If you follow your passion, bend over

Dear L,

You always told me that the people who follow their own passion are the most fulfilled. The world looks upto them. But as I grew up I found out. The world hates people who follow their own passion. Following your passion becomes an excuse for them to use you, to pay you less, to get more work out of you for nothing. “Why do you need more money/ time/ people, you’re doing it for your passion anyways?” They all seemed to resent me and were almost angry that I could follow my own path. I stopped telling people I was following my passion. I hid it as far and deep within me as I could. I hid it from all of them. I hid it so deep that I lost it. I hid it from myself as well. I told the world I was just like them, I was in it for the money as well. I lied so well, I convinced myself too.

But the world changed, there were happy now, paying me more, giving me more time, allowing me more freedom. They felt like I was one of them now. That I too, was miserable inside, just like the rest of them. I too, was stuck doing something I hated.

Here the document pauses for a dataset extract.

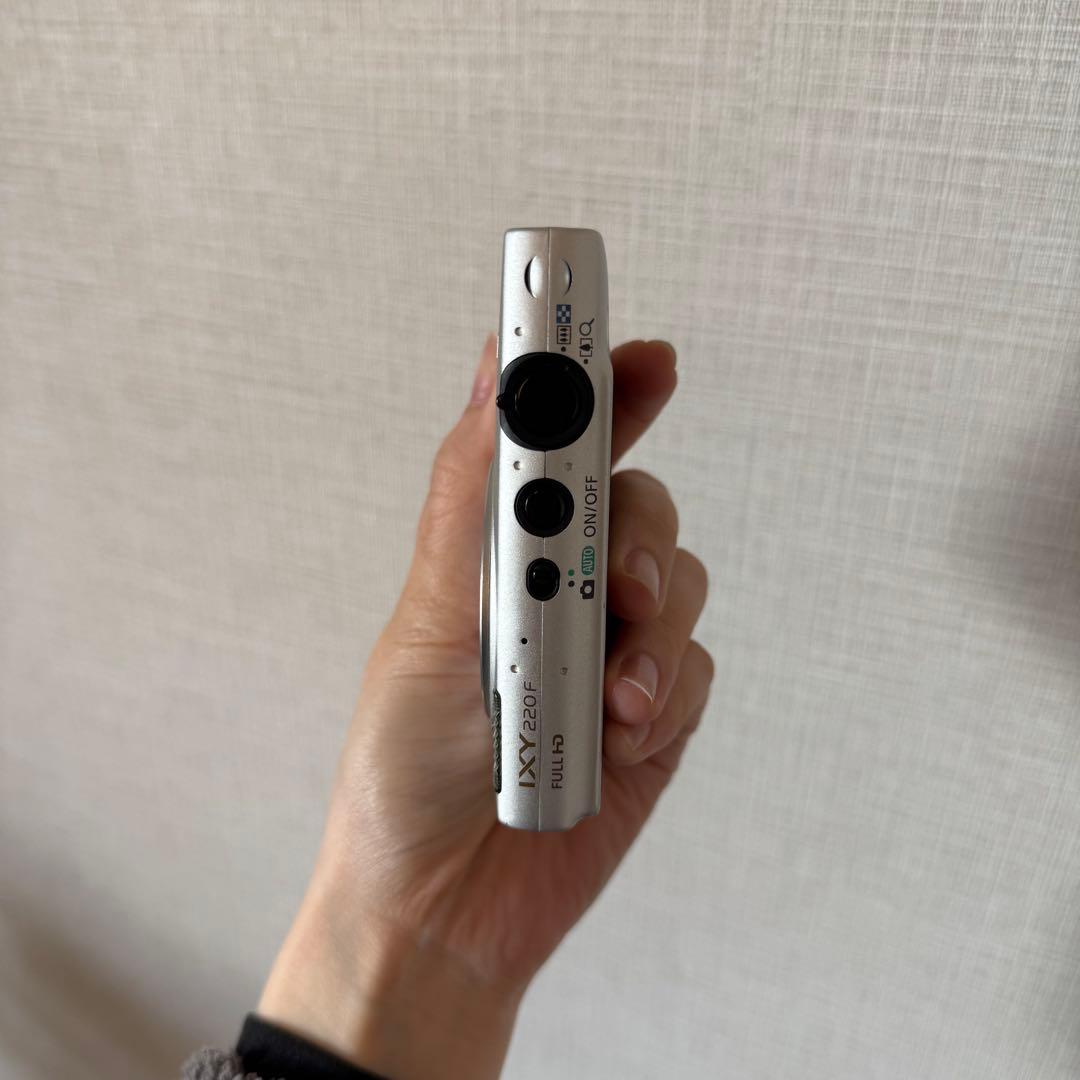 Canon IXY 220F コンパクトデジタルカメラ シルバー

True joy, you taught me L, should be shared. But I don’t think so anymore. If you put it out there L, the leeches will descend and they’ll suck it all out of you, till you have none left for yourself. Hide it L. Never let them see you smile.

I wonder if that’s how you fell ill, L. Did you put your joy out there for too long? I wonder if they asked you too, to bend over, when you told them you were following your passion? Why didn’t you tell me L? I would have known, I would have empathised. I bent over without even knowing it L.